1. Complete job applications that align with your skills and interests.  You will be much more successful if you find a job that you enjoy.

2. When completing an application, every detail makes an impression. Make sure you spell all the words correctly, use correct grammar, follow the directions on the form, don’t leave questions blank if possible, and check to make sure all dates are correct.  Consider having a trusted adult proofread your application before submitting.

3. Identify qualities you have that would be important to a potential employer, such as strong work ethic, problem solving skills, communication, ability to follow directions, etc.

4. If you are invited to do an interview, role play answering common questions with a trusted adult.  Practice giving examples of when you used the skills above.  It is not necessary to disclose that you are on the autism spectrum when applying for a job, but you can share this information if you want to.
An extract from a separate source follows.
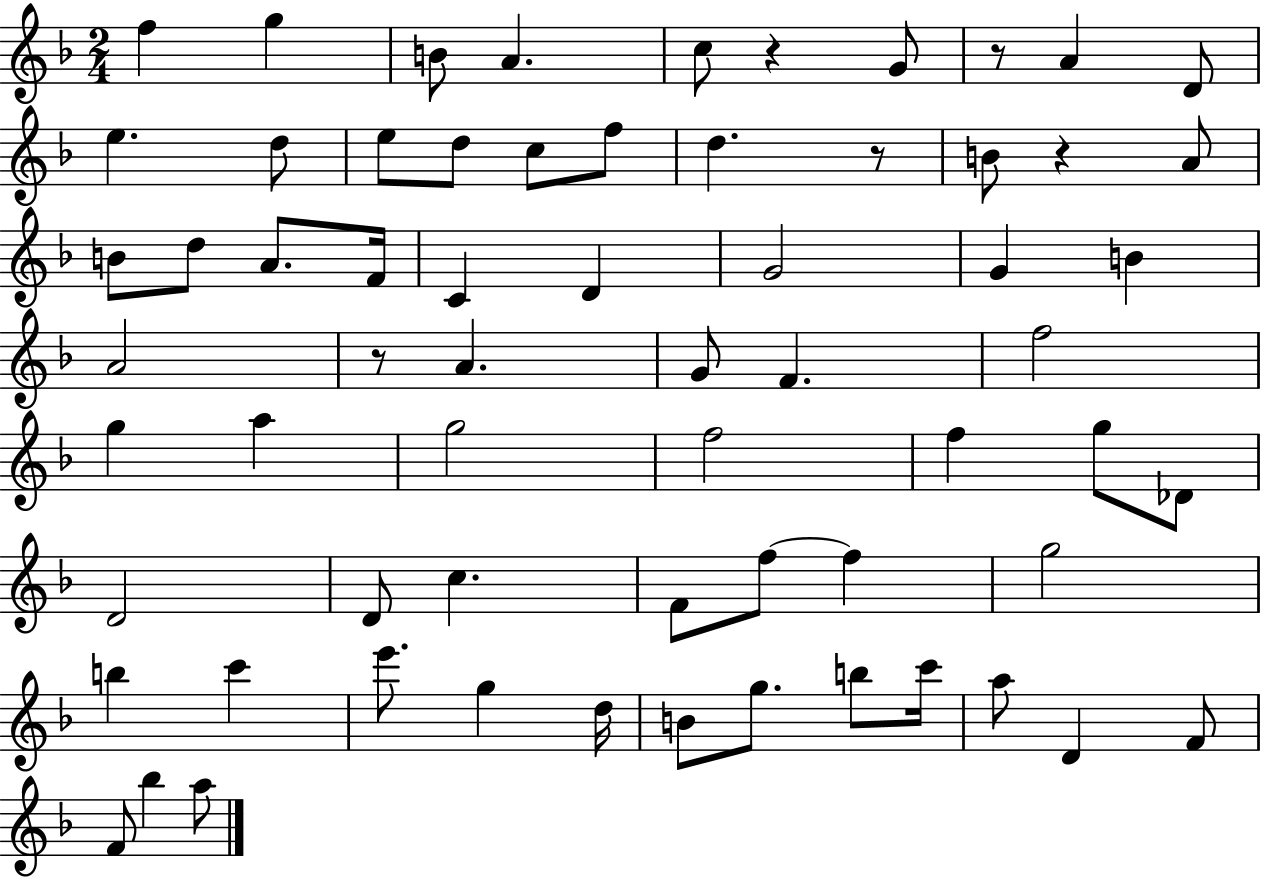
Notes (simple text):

F5/q G5/q B4/e A4/q. C5/e R/q G4/e R/e A4/q D4/e E5/q. D5/e E5/e D5/e C5/e F5/e D5/q. R/e B4/e R/q A4/e B4/e D5/e A4/e. F4/s C4/q D4/q G4/h G4/q B4/q A4/h R/e A4/q. G4/e F4/q. F5/h G5/q A5/q G5/h F5/h F5/q G5/e Db4/e D4/h D4/e C5/q. F4/e F5/e F5/q G5/h B5/q C6/q E6/e. G5/q D5/s B4/e G5/e. B5/e C6/s A5/e D4/q F4/e F4/e Bb5/q A5/e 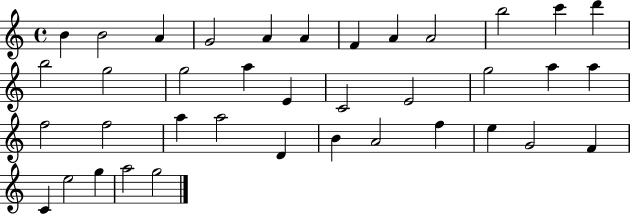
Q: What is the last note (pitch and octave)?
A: G5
5. Come prepared with information about the company and a few questions about the position.  Do a little research in advance to show that you know what you’re applying for and believe you are a great candidate for the job.

Zachary Brown analyzes information for a project for Salt River Project at The Precisionists’ Innovation & Technology Center in Phoenix. The Precisionists hired Zachary to be a data analyst assigned to the Records Management Team for SRP. On May 4, The Precisionists announced its commitment to provide jobs for hundreds of local adults with autism and different abilities.

Remember, applying for jobs can be a job itself. It takes most people months and submitting many applications before they get hired for the right job. If you become discouraged, focus on your goal of finding a job that will bring you joy and fulfilment for many years to come.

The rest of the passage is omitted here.